I started Unit 4 before break and have progressed through the first 4 lessons. It seems (to me) to be a good time to review some of the coding concepts the students learned in Unit 3, so I created a supplemental activity before we progress on to the privacy and cryptography concepts in the 2nd half of Unit 4.
"Write a program that replicates the album art of Pink Floyd’s seminal album “Dark Side of the Moon” (see image below).
Take advantage of abstractions to simplify your code. Your implementation should include at least one instance of iteration as well as two or more instances of functions that have one or more parameters.
You will be working in pairs using “Pair Programming” practices.

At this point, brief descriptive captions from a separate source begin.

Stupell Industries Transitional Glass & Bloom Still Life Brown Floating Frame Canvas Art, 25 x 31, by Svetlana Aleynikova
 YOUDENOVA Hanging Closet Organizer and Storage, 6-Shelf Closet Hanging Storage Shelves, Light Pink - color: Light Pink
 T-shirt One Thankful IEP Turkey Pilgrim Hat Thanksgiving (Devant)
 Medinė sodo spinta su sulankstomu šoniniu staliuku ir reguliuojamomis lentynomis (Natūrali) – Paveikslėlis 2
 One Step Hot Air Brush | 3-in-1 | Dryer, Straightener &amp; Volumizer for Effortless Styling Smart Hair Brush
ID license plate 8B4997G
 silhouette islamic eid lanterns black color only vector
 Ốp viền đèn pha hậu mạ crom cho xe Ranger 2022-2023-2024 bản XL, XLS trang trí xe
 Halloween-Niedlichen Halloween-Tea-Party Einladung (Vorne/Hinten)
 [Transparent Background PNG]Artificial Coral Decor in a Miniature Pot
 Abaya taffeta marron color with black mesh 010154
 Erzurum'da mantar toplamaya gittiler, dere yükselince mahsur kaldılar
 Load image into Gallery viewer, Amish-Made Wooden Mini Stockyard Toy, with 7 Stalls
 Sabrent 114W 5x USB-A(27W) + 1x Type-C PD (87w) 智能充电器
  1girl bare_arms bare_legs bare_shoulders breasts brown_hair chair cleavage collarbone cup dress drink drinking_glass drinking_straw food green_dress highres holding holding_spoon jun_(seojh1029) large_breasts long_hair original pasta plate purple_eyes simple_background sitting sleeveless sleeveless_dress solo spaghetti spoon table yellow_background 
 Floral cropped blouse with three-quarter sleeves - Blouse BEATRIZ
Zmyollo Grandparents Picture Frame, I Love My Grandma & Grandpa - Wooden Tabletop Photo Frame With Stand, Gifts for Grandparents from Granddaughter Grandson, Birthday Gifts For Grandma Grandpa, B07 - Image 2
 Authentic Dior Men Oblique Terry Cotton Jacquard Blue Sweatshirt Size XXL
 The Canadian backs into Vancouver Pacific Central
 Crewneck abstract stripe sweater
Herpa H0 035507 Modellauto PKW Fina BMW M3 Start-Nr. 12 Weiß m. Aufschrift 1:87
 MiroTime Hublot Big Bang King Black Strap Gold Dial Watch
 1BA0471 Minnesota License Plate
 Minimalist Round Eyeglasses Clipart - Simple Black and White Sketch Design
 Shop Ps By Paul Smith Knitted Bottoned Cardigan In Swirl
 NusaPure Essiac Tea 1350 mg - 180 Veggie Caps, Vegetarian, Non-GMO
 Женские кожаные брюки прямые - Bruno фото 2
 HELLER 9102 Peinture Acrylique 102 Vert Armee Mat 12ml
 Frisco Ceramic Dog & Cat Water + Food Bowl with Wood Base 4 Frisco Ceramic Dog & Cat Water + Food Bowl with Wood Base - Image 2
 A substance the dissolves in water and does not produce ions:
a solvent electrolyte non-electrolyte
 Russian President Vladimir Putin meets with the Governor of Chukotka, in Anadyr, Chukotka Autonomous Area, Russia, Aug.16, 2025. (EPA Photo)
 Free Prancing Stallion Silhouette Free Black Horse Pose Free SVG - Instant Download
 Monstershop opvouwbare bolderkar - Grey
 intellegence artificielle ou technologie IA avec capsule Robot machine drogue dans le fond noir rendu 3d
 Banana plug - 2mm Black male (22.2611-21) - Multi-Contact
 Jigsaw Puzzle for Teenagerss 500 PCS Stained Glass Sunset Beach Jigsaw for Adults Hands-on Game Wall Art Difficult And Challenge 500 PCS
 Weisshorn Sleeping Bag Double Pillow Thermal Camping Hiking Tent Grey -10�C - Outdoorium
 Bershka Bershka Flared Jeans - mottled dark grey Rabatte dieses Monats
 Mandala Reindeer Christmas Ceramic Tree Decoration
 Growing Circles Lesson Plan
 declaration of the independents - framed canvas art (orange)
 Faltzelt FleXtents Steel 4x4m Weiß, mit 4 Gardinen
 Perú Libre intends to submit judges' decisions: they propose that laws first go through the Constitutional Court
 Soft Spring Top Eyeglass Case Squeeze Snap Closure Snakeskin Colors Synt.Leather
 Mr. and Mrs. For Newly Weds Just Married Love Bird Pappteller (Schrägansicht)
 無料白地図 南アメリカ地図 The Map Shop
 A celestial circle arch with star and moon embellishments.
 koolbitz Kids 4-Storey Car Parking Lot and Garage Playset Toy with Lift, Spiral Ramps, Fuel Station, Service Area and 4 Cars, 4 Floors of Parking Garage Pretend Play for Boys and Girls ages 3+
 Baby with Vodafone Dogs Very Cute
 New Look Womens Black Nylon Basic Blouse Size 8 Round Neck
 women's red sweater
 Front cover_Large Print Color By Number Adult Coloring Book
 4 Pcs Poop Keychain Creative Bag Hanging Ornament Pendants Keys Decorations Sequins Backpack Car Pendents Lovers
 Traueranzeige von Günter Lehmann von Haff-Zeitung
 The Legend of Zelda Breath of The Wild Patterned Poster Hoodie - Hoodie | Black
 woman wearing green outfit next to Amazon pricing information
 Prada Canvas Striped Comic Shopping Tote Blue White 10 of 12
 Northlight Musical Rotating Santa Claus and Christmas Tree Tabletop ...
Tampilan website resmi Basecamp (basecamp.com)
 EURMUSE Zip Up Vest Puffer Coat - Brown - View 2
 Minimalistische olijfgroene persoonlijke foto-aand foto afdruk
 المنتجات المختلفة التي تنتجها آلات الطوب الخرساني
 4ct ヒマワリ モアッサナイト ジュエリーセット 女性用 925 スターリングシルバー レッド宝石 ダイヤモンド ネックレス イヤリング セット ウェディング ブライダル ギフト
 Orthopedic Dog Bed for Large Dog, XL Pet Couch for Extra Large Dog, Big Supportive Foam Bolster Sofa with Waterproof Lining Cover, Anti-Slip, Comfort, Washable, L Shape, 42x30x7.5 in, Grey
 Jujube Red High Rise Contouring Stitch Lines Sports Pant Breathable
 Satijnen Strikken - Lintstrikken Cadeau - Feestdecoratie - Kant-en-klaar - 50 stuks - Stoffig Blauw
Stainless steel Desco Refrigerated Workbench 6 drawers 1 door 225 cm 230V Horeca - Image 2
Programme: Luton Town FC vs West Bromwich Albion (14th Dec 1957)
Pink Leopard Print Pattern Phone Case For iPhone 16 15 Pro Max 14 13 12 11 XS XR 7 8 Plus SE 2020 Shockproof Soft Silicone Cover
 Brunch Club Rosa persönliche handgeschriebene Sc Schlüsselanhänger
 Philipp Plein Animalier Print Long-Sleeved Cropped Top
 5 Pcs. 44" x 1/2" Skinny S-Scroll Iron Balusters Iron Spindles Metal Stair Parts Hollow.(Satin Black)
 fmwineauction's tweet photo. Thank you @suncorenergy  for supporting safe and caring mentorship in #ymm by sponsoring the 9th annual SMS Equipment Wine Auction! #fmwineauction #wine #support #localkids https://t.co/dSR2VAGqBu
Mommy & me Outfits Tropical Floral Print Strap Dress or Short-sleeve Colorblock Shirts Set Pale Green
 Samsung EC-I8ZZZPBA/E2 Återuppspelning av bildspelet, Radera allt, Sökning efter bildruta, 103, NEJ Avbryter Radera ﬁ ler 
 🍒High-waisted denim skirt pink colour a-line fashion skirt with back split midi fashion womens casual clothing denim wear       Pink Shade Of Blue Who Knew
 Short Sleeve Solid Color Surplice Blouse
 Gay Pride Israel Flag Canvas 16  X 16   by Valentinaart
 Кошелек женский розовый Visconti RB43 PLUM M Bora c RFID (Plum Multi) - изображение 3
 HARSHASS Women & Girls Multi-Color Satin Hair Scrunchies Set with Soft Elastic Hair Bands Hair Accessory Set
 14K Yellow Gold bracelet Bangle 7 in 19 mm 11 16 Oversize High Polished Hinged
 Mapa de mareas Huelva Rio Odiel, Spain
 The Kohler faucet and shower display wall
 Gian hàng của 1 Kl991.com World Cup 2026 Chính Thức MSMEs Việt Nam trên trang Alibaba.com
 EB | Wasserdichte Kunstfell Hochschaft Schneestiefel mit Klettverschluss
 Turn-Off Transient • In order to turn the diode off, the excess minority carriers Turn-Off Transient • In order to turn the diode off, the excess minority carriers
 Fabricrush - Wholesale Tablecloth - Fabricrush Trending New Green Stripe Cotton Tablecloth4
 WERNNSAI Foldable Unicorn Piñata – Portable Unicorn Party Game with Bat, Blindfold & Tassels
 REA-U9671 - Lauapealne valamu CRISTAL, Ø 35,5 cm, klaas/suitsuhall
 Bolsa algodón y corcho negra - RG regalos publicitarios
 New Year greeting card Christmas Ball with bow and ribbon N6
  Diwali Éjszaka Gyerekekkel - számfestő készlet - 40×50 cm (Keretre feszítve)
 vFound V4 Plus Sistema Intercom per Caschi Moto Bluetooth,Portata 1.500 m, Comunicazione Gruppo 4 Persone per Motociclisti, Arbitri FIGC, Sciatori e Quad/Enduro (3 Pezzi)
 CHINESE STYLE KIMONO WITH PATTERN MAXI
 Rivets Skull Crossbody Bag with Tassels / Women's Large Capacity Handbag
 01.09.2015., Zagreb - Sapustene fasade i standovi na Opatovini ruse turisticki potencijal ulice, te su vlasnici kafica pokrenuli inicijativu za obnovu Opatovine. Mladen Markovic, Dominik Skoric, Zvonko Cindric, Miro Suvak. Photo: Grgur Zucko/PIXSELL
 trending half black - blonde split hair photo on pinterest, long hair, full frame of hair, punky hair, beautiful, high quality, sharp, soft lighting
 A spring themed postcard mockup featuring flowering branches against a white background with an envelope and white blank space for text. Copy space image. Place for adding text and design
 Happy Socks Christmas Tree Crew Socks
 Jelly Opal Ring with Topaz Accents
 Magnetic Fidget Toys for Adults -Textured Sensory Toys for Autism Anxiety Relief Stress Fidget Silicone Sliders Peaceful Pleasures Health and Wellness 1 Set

Remember that in Pair Programming, one programmer assumes the "driver" role and will be the only one allowed to use the mouse and keyboard to write the code while the second programmer acts as a "navigator", keeping track of the big picture, catching errors, and making suggestions. Programmers communicate throughout the process. The students in each pair will switch roles after the 30 minutes.
Write your program in App Lab on code.org. Name your app “Programming Project Pink Floyd” and use the Project Template that is available on the classroom OneNote in the Unit 4 tab. At the top of the project template, be sure to include both names of the programmers working together on the project.
You do not need to turn in the project anywhere. I will find it using my code.org dashboard. However, I will only be looking for files named “Programming Project Pink Floyd” so please adhere to this naming convention.
You are NOT allowed to move about in the room. Please stay in your seats and work with your partner at the desks you have been assigned. You are NOT allowed to listen to your own personal music. This is a PAIR programming project and these behaviors inhibit effective communication."
See attached Word Document.
Very fun activity for the kids and it had the benefit of being a great review of Unit 3 coding concepts.